If you have interacted with me at any point you might have found out that I am a fan of TED talks. I recently watched this one on Netflix and think it would be a great post for the EdTech blog. Shawn Achor, Harvard professor, CEO of Good Think Inc (TED bio here), and winner of multiple teaching awards talks about our tendency to study the average instead of exceptional. And that positivity encourages productivity…

What are we missing when attempt to study a population instead of an extraordinary member of that population? His argument harkens to the differences in qualitative and quantitative research, or the difference between the average and the anecdote.

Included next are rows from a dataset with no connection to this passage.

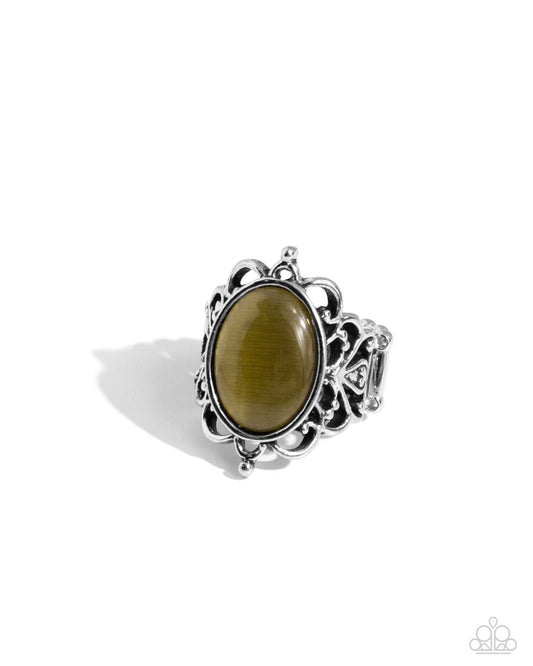 Radiantly Reminiscent - Green - Paparazzi Ring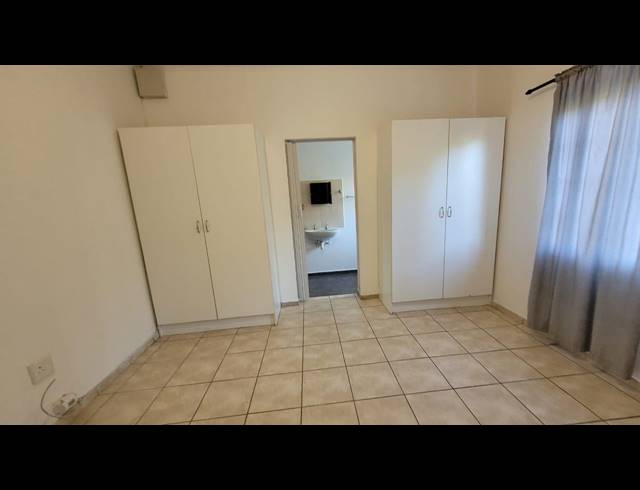 3 BEDROOM HOUSE RENTED IN DOONSIDE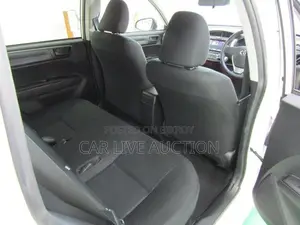 Toyota Fielder Hybrid EX 2021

Both are necessary to see the full picture.

Achor argues that “positivity” encourages engagement. A big part of other arguments for motivation is demonstrating relevance to students. Hybridizing these two motivational approaches, I would argue that the more positivity tied directly to the activities in class will better engage learners. The activities that are closely tied to service or that are understood within a larger context of skill mastery will better engage learners.

Additional Resources

  •’s summary of Motivation Theories.
  • Dan Pink via RSAnimate and Youtube: “The Surprising Truth about what motivates us
  • Book (thanks Matt Phelps!): “Shop Class as Soul Craft” by Matthew Crawford on Amazon or via Inter-library loan. Crawford discusses employment in a trade (e.g., electrician, carpenter, motorcycle repairman) versus employment in “knowledge work” and the lack of motivation that sometimes ensues when people cannot see the direct results of their work.

Happy teaching with technology!


One Response to The Happy Secret to Better [Student?] Work

  • Adam Klemann says:

    How can we apply what Achor advocates in the classroom? Do we take time at the beginning of class to do the positive thinking exercises he talks about in the talk? Is there a way to leverage co-curricular activities to motivate classroom learning? How do we encourage students to see what they are currently doing as part of a larger educational story?